Il secondo fronte sul quale si combatte la battaglia nelle menti dei cittadini è l’insistenza con la quale si parla della necessità del riarmo, costi quello che costi: quando ho letto dell’accordo tra Italia, Regno Unito e Giappone per la costruzione del nuovo caccia militare da 100 miliardi non volevo credere ai miei occhi. Imboccata la strada delle armi come unico strumento di presidio per la sicurezza, attraverso il mito della deterrenza, non può esserci fine alla rincorsa ad avere una pallottola in più, un missile in più, un areo in più del nemico. E’ una gara senza fine che ingrassa soltanto i costruttori di armi.

Il terzo fronte è quello dello smantellamento sistematico del diritto internazionale e delle Istituzioni messe a suo presidio: le Nazioni Unite gettate nel discredito, i “caschi blu” buttati in qualche scantinato dopo i fallimenti tragici degli anni 90, la Corte Penale Internazionale trattata, soprattutto dopo le decisioni assunte contro i vertici governativi israeliani, come un centro sociale occupato. Lo stesso principio di legalità sempre più svilito come se lo Stato di diritto fosse una zavorra inadeguata ai tempi nostri.
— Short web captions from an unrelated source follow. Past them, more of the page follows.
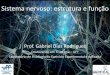 Sistema nervoso: estrutura e função - Prof. Sandro de Souza · PDF fileObjetivos da aula 1. Discutir a organização geral do sistema nervoso. 2. Descrever a estrutura e a função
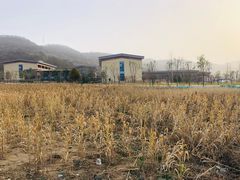 -南泥湾风景区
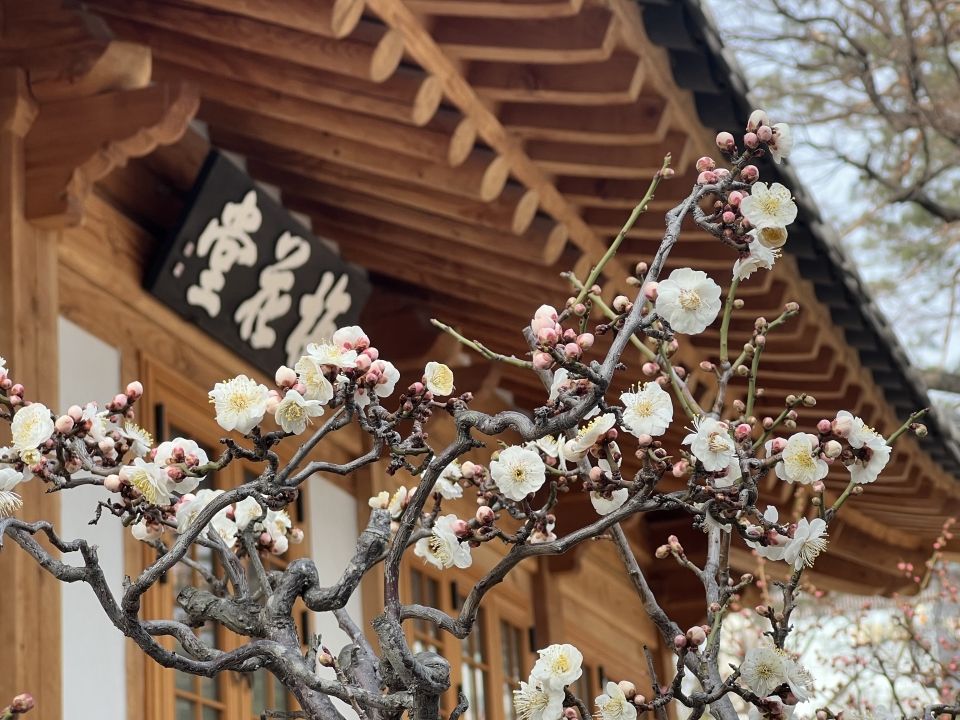 따듯한 봄날씨를 보인 15일 서울 강남구 봉은사에 매화꽃이 활짝 피어 있다. ⓒ홍수형 기자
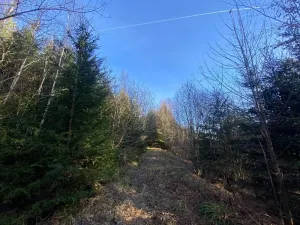 Dražba lesa, Ústí nad Labem, 11769 m2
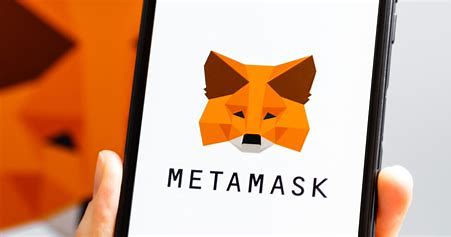 Best Metamask Wallet Guide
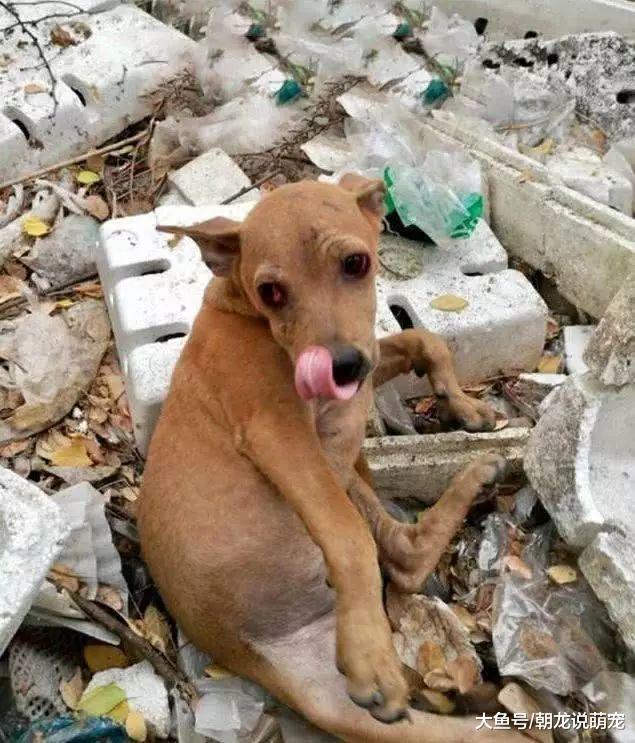 流浪狗被土豪收养后，瞬间走上狗的巅峰，网友表示：让人羡慕！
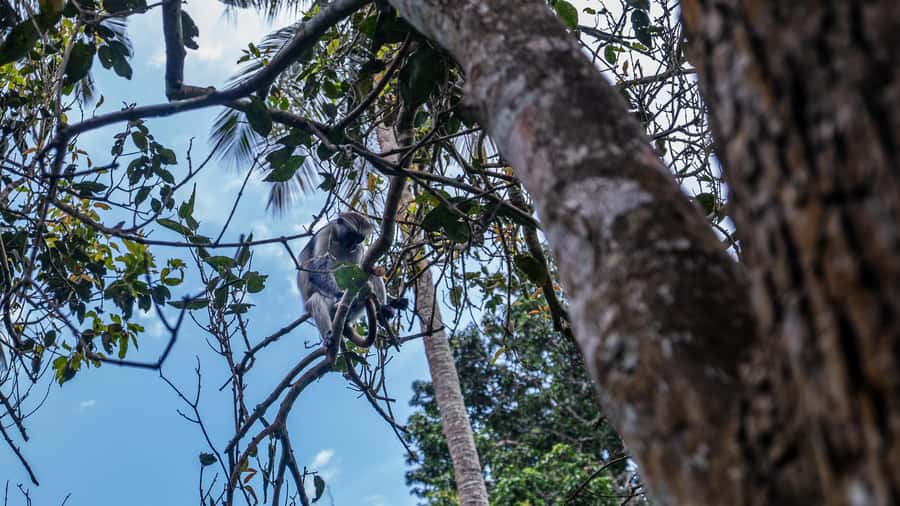 Zanzibar: Jozani Forest Guided Tour,Red Colobus and transfer - Jozani Chwaka Bay: Why this short guided wildlife walk is worth it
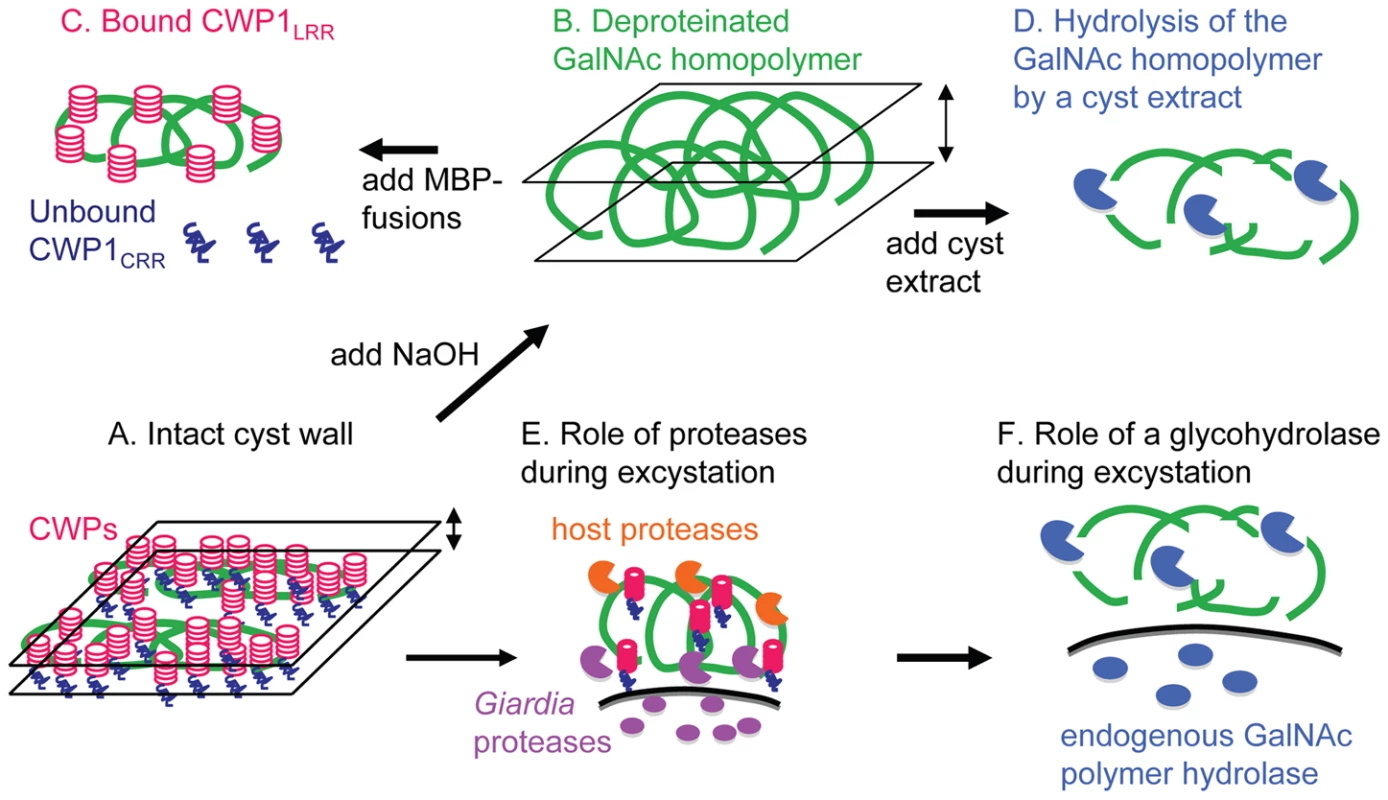 New models for the structure of the <i>Giardia</i> cyst wall and for the mechanism of its disruption during excystation based upon the data presented here.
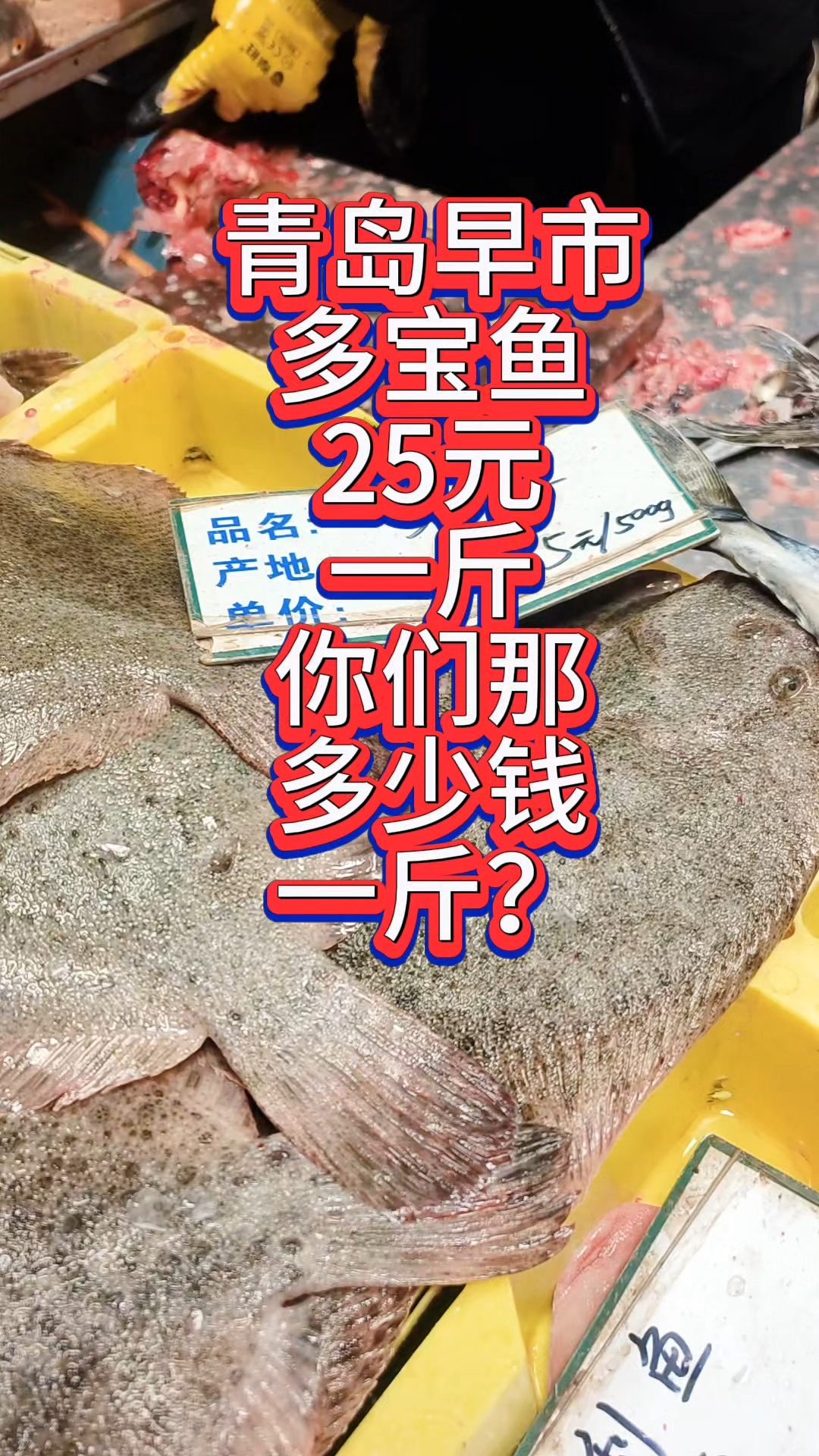 青岛早市,多宝鱼25元一斤,你们那多少钱一斤?#优质视频巅峰挑战赛#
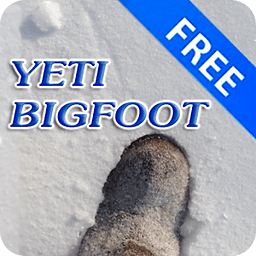 3D Yeti Ice-Crust Drift Free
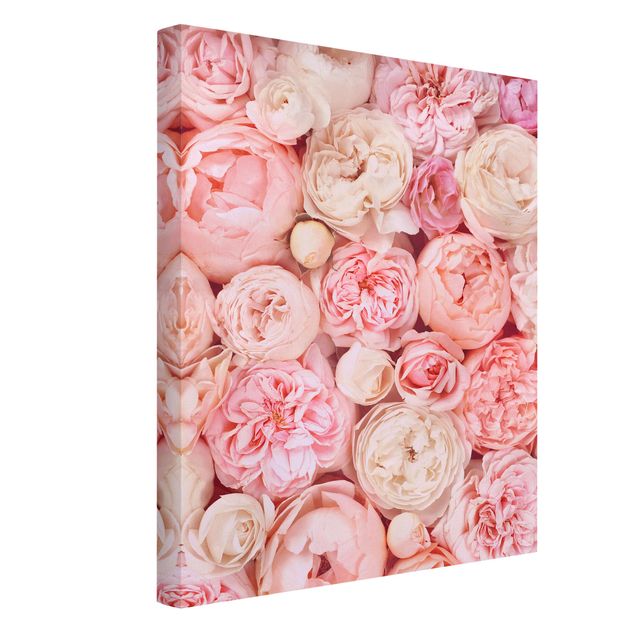 Canvas schilderijen Roses Rosé Coral Shabby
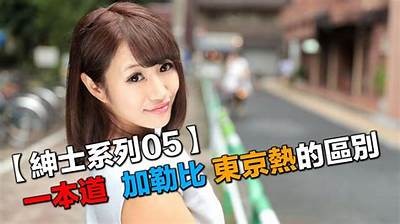 东京热无码一本大道精选集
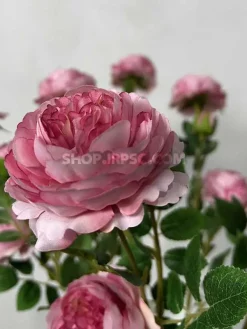 قیمت شاخه گل مصنوعی نسترن صورتی پررنگ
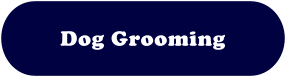 Dog Grooming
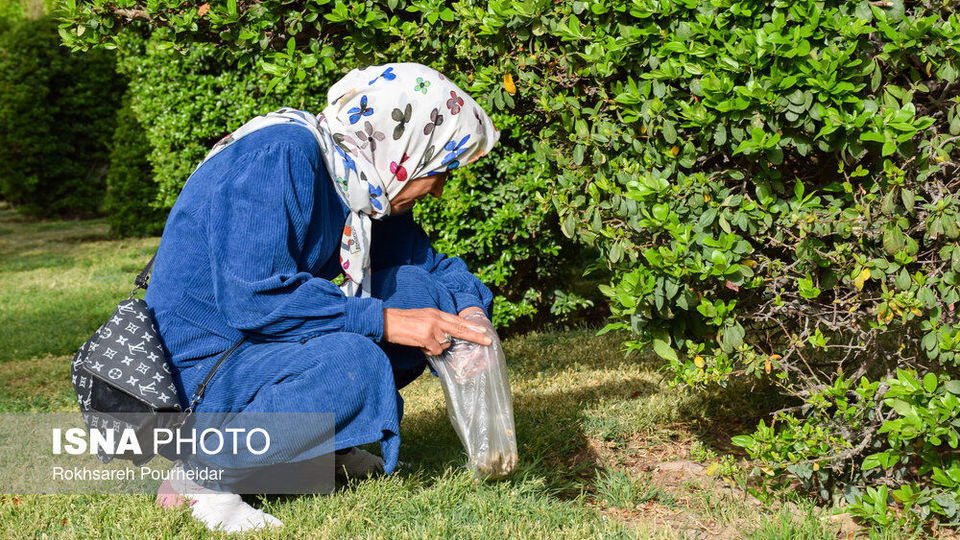 اجرای پویش نه به ته سیگار در اصفهان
La retorica bellicista è talmente pervasiva che diventa ogni giorno più difficile resisterle, condita come è dal vocabolario nazionalista che tutto infarcisce di amor di patria, di madre patria, di sacrificio, di onore, di fierezza e di bambini che possono andare al nido, scartare i regali, essere curati, perché c’è chi li protegge col fucile spianato. Dovremo resistere eroicamente per salvaguardare nelle nostre menti tutto quell’altro modo per costruire “pace”, quello che avevano chiaro i confinati di Ventotene, che aveva chiaro il francese Schuman mentre scriveva al tedesco Adenauer, che ci fa pretendere giustizia per Giulio Regeni, per Mario Paciolla, per Andy Rocchelli, nonostante le circostanze nelle quali sono avvenuti questi omicidi indurrebbero a disperare. Che ci fa indignare per la probabile archiviazione dell’omicidio dell’ambasciatore Luca Attanasio, senza che il governo italiano abbia nemmeno sentito la necessità di costituirsi parte civile.